個人的にはお盆休み、実家に帰るタイミングで何年かぶりに同じく【故郷に戻る青年を描く】約60ページの本書を思い出し再読してみました。

さて、そんな本書は汽車を使って故郷に戻った青年が駅に出迎えてくれた妹と弟、そして母親の"試験"(青年の近況報告)を終えて実家に過ごし去るまでの数週間、その間に起きるかっての憧れの美少女との再会、新しい出会いで起きる2つの失恋を描いているわけですが。

まず感じたのは、100年以上前の本にも関わらず全く【違和感なく没入できる故郷の懐かしさ】でしょうか。
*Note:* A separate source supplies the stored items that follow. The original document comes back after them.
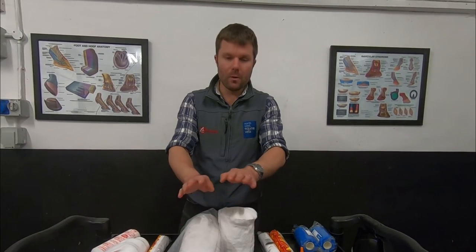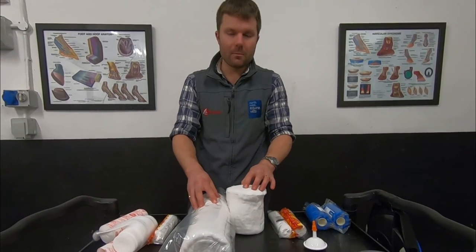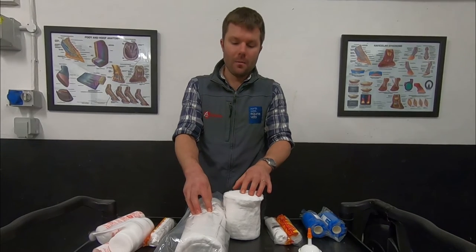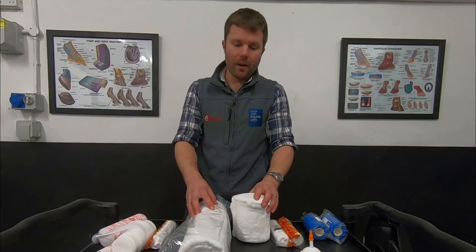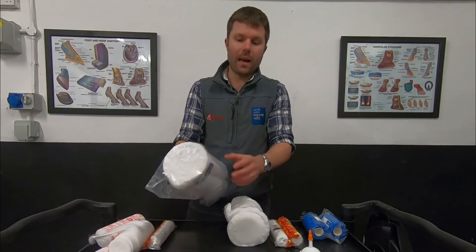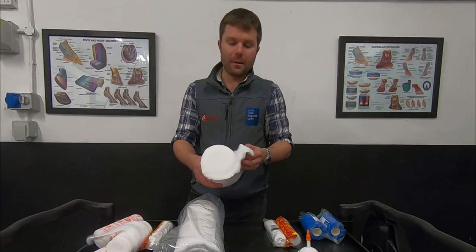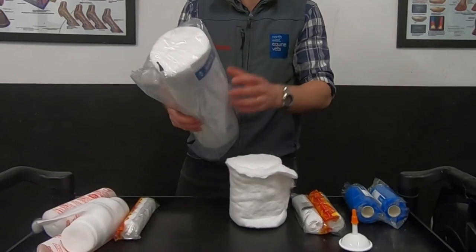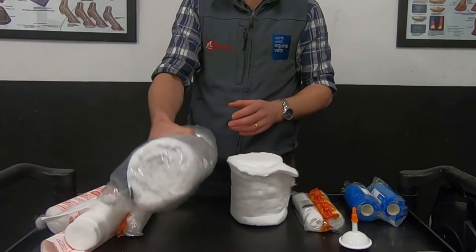The next layer, and the most important one, is cotton wool. Depending on where you're bandaging and how much pressure you're applying, you can put on one, two, three or even four layers of cotton wool — though obviously the bandage will get bigger and bigger with more layers. I find it quite easy to have two thicknesses of cotton wool: a whole roll for doing above the fetlock up to the knee, and a half-width roll for doing beneath the fetlock down to the foot, since trying to wrap a whole roll around the fetlock at that 45-degree angle can end up kinking and looking a bit of a mess.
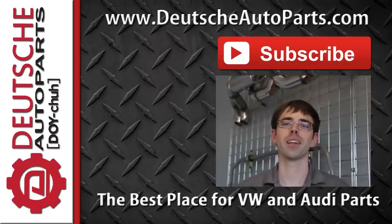Thanks for watching. Be sure to subscribe and leave any questions, ideas, or feedback in the comments below.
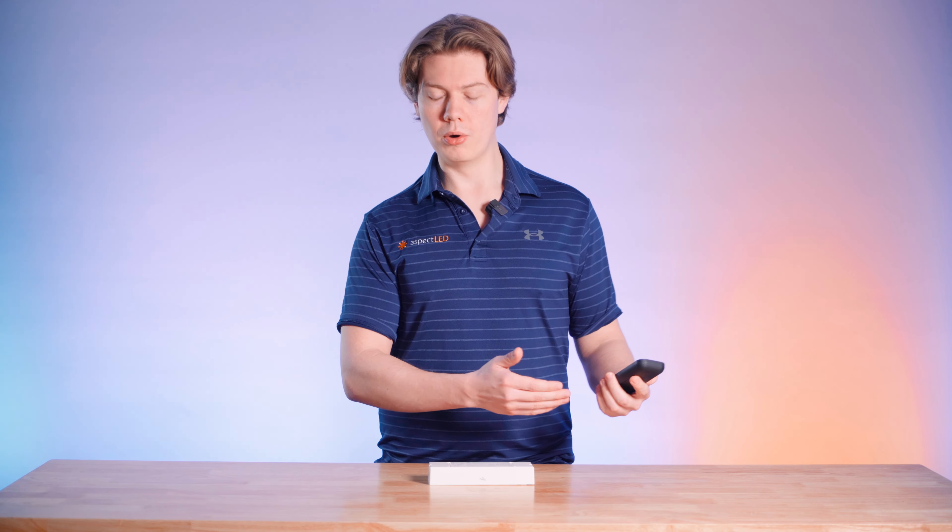It's important to note that the remote and the controller units do not come paired. However, there is a process to sync that up, and we have a handy video on it right here that you can check out.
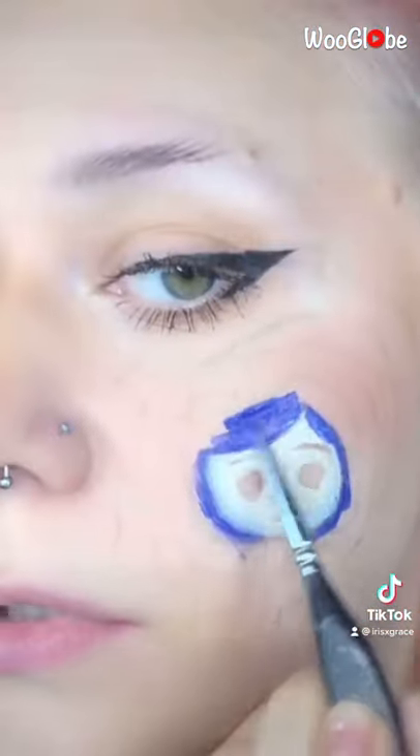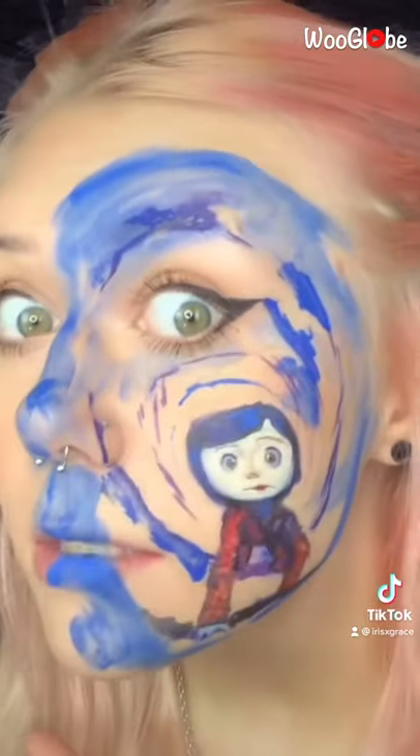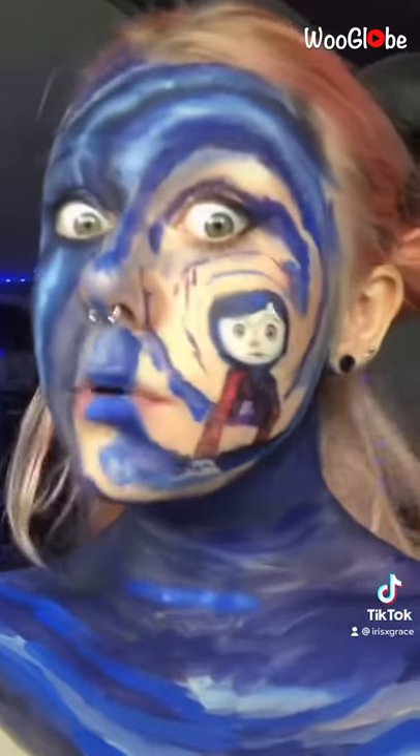I'm using my Graftobium Pro paints — they're water-activated face paints. Scrub it in for about 10 minutes and trust the process. I know it's a little messy. Not exactly the look I was going for, but we're already here so might as well keep going.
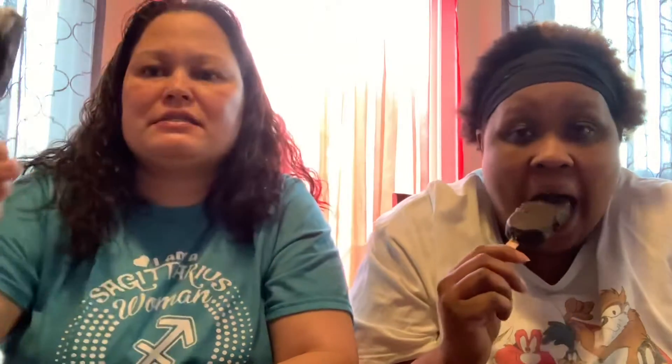Let's see... It definitely gives you an Oreo — made me want to smack somebody's mama, not mine but somebody's. Definitely, definitely an Oreo crust. Cookies and cream on the inside. That right there, I find good. Fire in the booth, 10 out of 10.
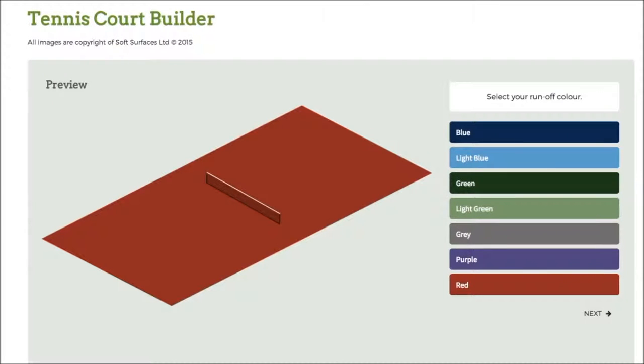Hi guys, I've been trying out some tennis court builder softwares online and I've found out that this one is absolutely fantastic. It has pretty much everything you need to design a tennis court, and if you're looking to have one actually installed, this is a great software to use to see what it looks like when it's actually been built.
素朴で美しい描写に、まるで青年が自分と同一であるかの様に心情を重ね、追体験するかのように家族や兄弟との再会、そして2回の失恋の場面を感じる事ができました。

また、一緒に収録された『ラテン語学校生』こちらもこちらで、少年が自分勝手な思い込みからの初恋に破れるも【ちょっとだけ大人へと成長する】姿が力強く描かれていて、爽やかな読後感でした。

かっての青春を懐かしく感じる全ての方へ、また故郷に戻る時の旅のお供の一冊としてオススメ。